Attorney Fees Were Improperly Awarded
Campbell contends the trial court erroneously awarded attorney fees under a standardized indemnification clause within the general escrow instructions. More specifically, .Campbell asserts the governing clause makes no reference to any action to enforce the escrow contract within the context of entitlement to attorney fees; rather, it simply provides for indemnification, including attorney fees or costs, under specific circumstances where the
escrow holder incurs extraordinary fees and costs as the result of disputes between the principals, or them and third parties. Finally, Campbell urges the indemnification clause at minimum is ambiguous regarding whether it falls within the scope of Civil Code section 1717 and should be construed against Scripps Bank under Civil Code section 1654. We agree.

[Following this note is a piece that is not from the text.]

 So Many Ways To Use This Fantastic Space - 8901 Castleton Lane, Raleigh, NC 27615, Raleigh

Paragraph 12 of the general instructions provides: “All notices, demands and instructions must be in writing. If conflicting demands are made or notice served on you or any dispute or controversy arises between the Principals or with any third person relating to this escrow, you shall have the absolute right, at your election, to withhold and stop all further proceedings in this escrow without liability and without determining the merits of the demands, notices, or litigation; or sue in interpleader; or both. The Principals, jointly and severally, hereby promise and agree to pay promptly on demand, as well as to indemnify you and hold you harmless against and in respect of any and all litigation and interpleader costs, claims, losses, damages, recoveries, judgments, and expenses, including, without limitation, reasonable attorneys fees that you may incur or suffer, which arise, result from or relate to this escrow.”

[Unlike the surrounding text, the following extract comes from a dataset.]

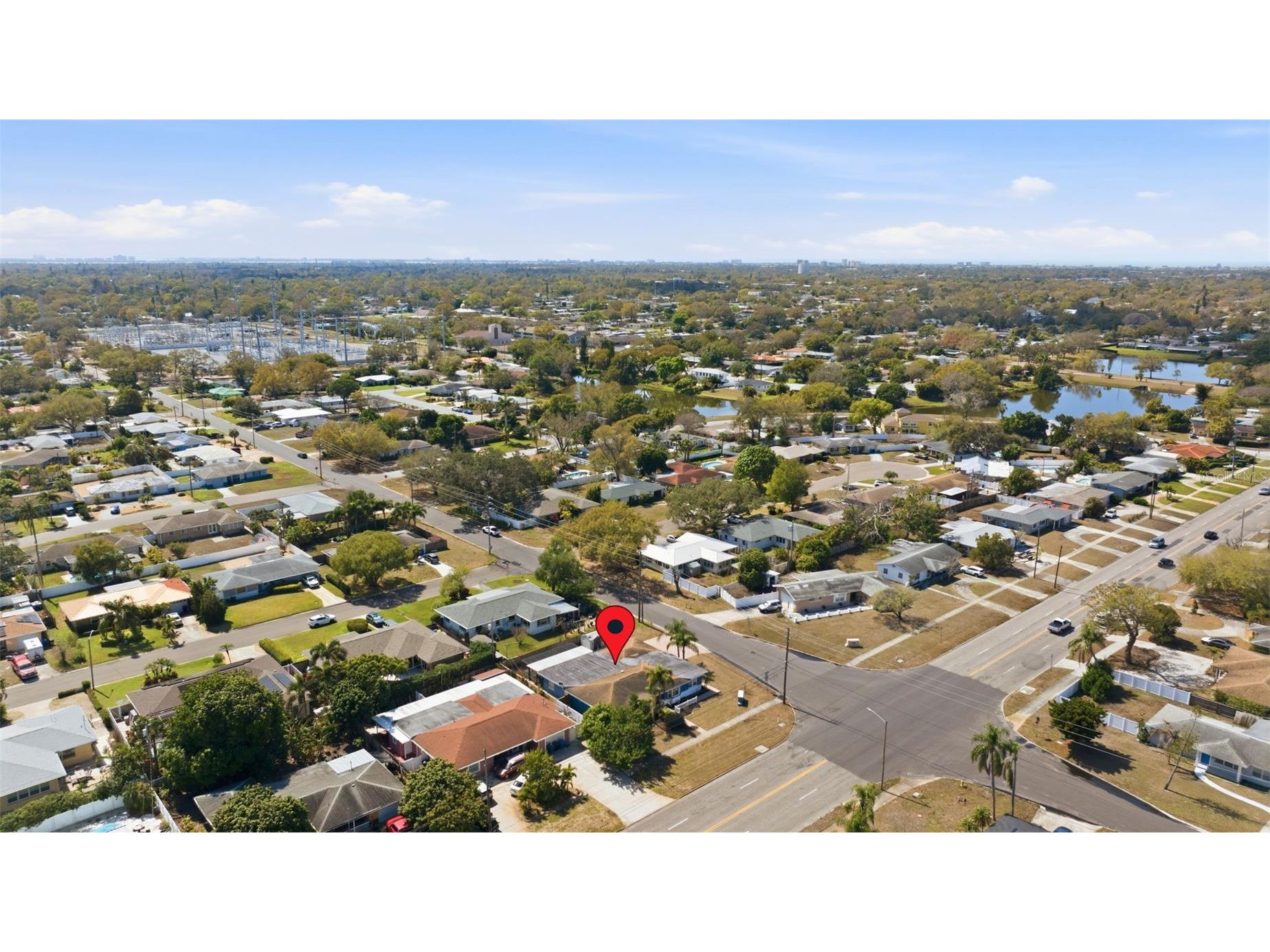 3998 22nd Avenue N Saint Petersburg FL 33713 TB8481200 image37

The trial court awarded Scripps Bank $8,159 in attorney fees and costs under Civil Code section 1717 and paragraph 12 above. Acknowledging that Campbell was correct in asserting an indemnification clause will not give rise to a Civil Code section 1717 contractual claim for an award of attorney fees (see
Myers Building Industries, Ltd. v. Interface Technology, Inc.

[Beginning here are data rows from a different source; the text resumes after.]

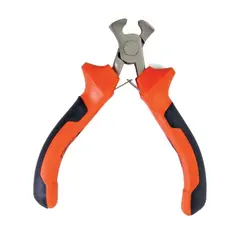 Mini pliers Gadget 212013 112 mm
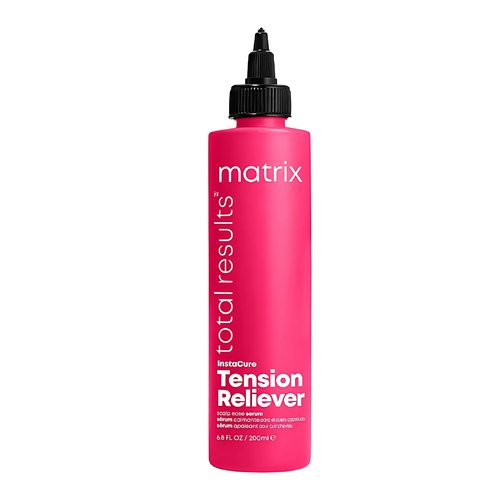 Total Results Instacure Repair Tension Reliever 200mL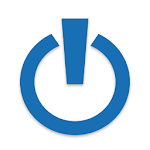 PowerDMS - Policy Management Apk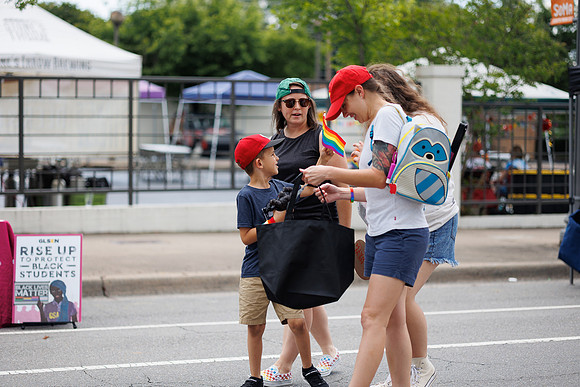 SOMA_Pride_Parade_2024-9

(1993) 13 Cal.App.4th 949, 968-975 [17 Cal.Rptr.2d 242];
Meininger v. Larwin-Northem California, Inc.
(1976) 63 Cal.App.3d 82, 84-85 [135 Cal.Rptr. 1]), the trial court ruled the language of paragraph 12 cannot be read as limited to indemnification. Rather, the trial court determined its broad character required it to be applied not only to indemnification, but also to attorney fees incurred in any litigation resulting from or relating to the escrow. Consequently, the trial court held that any fees incurred in defending this action, which admittedly arose from the escrow, are within the purview of paragraph 12 and thus properly recoverable by Scripps Bank.
Preliminarily, given that the trial court interpreted paragraph 12 without resorting to extrinsic evidence, we apply de novo review, exercising our independent judgment in interpreting the clause without giving any deference to the trial court’s ruling.
(Parsons v. Bristol Development Co.
(1965) 62 Cal.2d 861, 865 [44 Cal.Rptr. 767, 402 P.2d 839];
Meininger v. Lanvin-Northern California, Inc., supra,
63 Cal.App.3d at p. 85.) Under Civil Code section 1717, a reciprocal right to attorney fees in all parties to a contract arises where the contract accords a right to such fees to one
party but not the other.
(Myers Building Industries, Ltd. v. Interface Technology, Inc., supra,
13 Cal.App.4th at p. 968.) However, the inclusion of attorney fees as an item of loss in a third party claim indemnity provision does not constitute a provision for the award of attorney fees in an action on contract as is required to trigger operation of Civil Code section 1717.
(Myers, supra,
at pp. 971-973;
Meininger, supra,
at p. 85.) Regardless whether this clause is characterized as an indemnification or an attorney fees provision, the usual rules of construing a contract govern our interpretation, as we strive to determine the actual intent of the parties.
(Royster Construction Co. v. Urban West Communities
(1995) 40 Cal.App.4th 1158, 1170 [47 Cal.Rptr.2d 684];
Myers, supra,
at p. 969; see
Claussen v. First American Title Guaranty Co.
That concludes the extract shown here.